Economic inequality is rapidly increasing in the majority of countries. The wealth of the world is divided in two: almost half going to the richest one percent; the other half to the remaining 99 percent.
The World Economic Forum has identified this as a major risk to human progress. Extreme economic inequality and political capture are too often interdependent. Left unchecked, political institutions become undermined and governments overwhelmingly serve the interests of economic elites to the detriment of ordinary people. Extreme inequality is not inevitable, and it can and must be reversed quickly.
Those gathered at Davos for the World Economic Forum have the power to turn around the rapid increase in inequality.

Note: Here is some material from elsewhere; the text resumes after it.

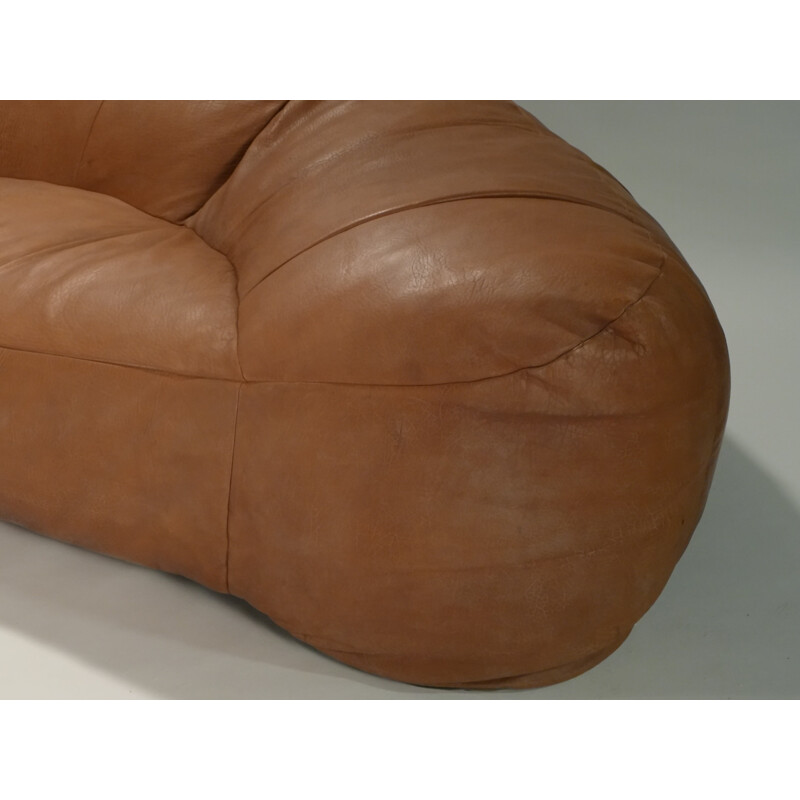 Honoré Paris brown leather sofa, Raphaël RAFFEL - 1970s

Oxfam is calling on them to pledge that they will:
• Not dodge taxes in their own countries or in countries where they invest and operate, by using tax havens;
• Not use their economic wealth to seek political favors that undermine the democratic will of their fellow citizens;
• Make public all the investments in companies and trusts for which they are the ultimate beneficial owners;
• Support progressive taxation on wealth and income;
• Challenge governments to use their tax revenue to provide universal healthcare, education and social protection for citizens;
• Demand a living wage in all the companies they own or control;
• Challenge other economic elites to join them in these pledges.

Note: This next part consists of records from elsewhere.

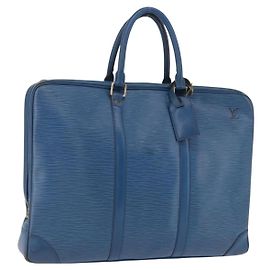 LOUIS VUITTON Epi Porte Documents Voyage Business Bag Blue M54475 LV Auth 199049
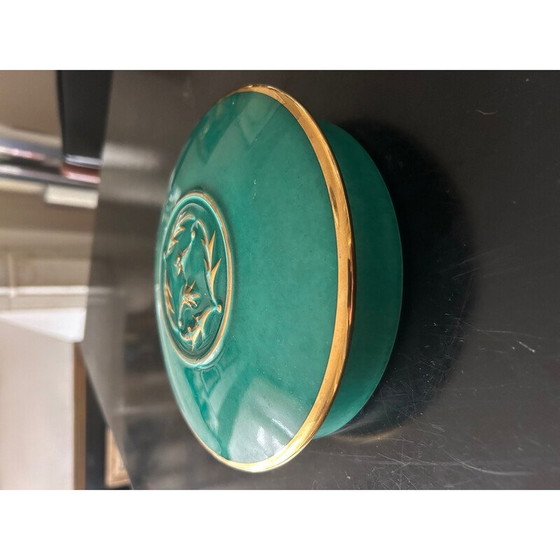Image 1 of Vintage green and gold ceramic box by Magdalithe, 1950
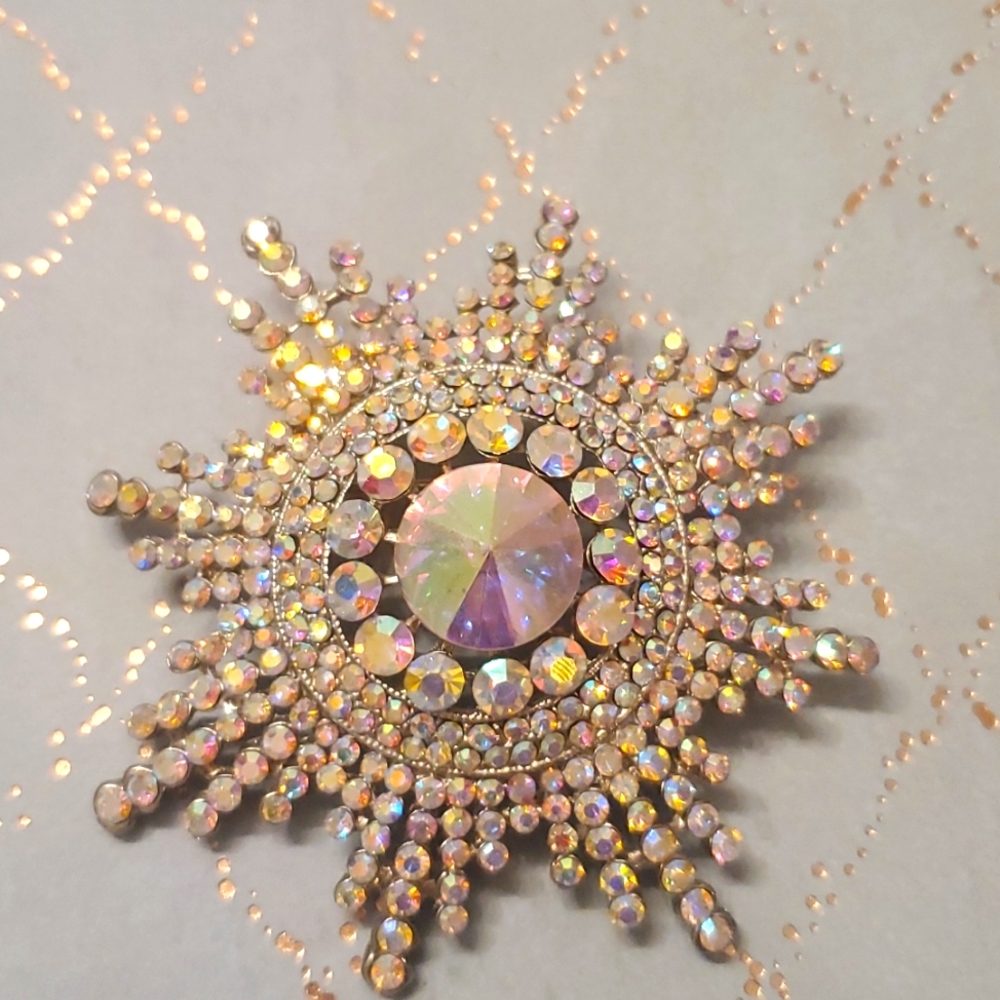 Large Aurora Borealis Cubic Zirconia Crystal Brooch Blingy Iridescent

Oxfam has recommended policies in multiple contexts to strengthen the political representation of the poor and middle classes to achieve greater equity. These policies include:
• A global goal to end extreme economic inequality in every country. This should be a major element of the post-2015 framework, including consistent monitoring in every country of the share of wealth going to the richest one percent.
• Stronger regulation of markets to promote sustainable and equitable growth; and
• Curbing the power of the rich to influence political processes and policies that best suit their interests.
The particular combination of policies required to reverse rising economic inequalities should be tailored to each national context. But developing and developed countries that have successfully reduced economic inequality provide some suggested starting points, notably:
• Cracking down on financial secrecy and tax dodging;
• Redistributive transfers; and strengthening of social protection schemes;
• Investment in universal access to healthcare and education;
• Progressive taxation;
• Strengthening wage floors and worker rights;
• Removing the barriers to equal rights and opportunities for women.